[Task prompt]: Set down every line of the data exactly, skipping the pictures.

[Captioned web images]
================================

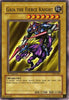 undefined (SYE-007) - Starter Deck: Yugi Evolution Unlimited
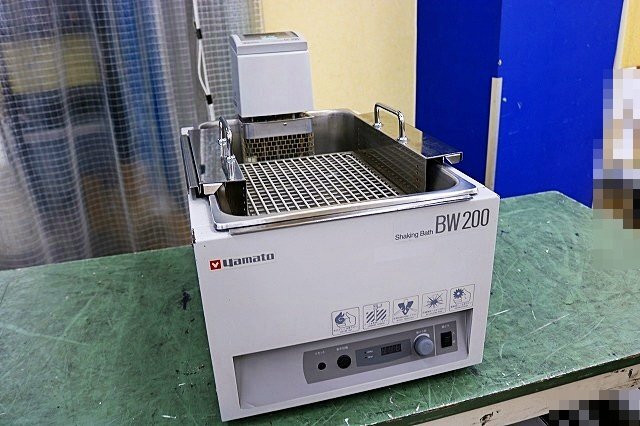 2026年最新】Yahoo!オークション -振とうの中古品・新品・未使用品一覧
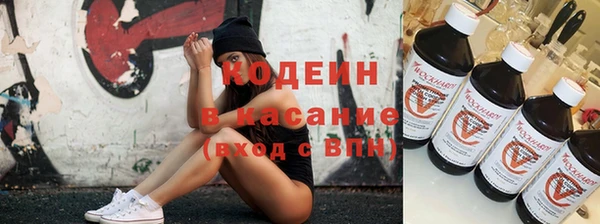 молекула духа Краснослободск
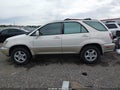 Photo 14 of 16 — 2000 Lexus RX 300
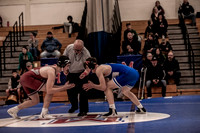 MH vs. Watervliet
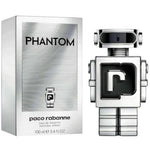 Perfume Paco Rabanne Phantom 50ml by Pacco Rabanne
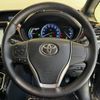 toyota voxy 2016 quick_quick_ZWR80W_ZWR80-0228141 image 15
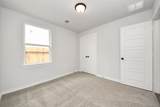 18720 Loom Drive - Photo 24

================================

[Task output]:
 undefined (SYE-007) - Starter Deck: Yugi Evolution Unlimited
 2026年最新】Yahoo!オークション -振とうの中古品・新品・未使用品一覧
 молекула духа Краснослободск
 Photo 14 of 16 — 2000 Lexus RX 300
 MH vs. Watervliet
 Perfume Paco Rabanne Phantom 50ml by Pacco Rabanne
 toyota voxy 2016 quick_quick_ZWR80W_ZWR80-0228141 image 15
 18720 Loom Drive - Photo 24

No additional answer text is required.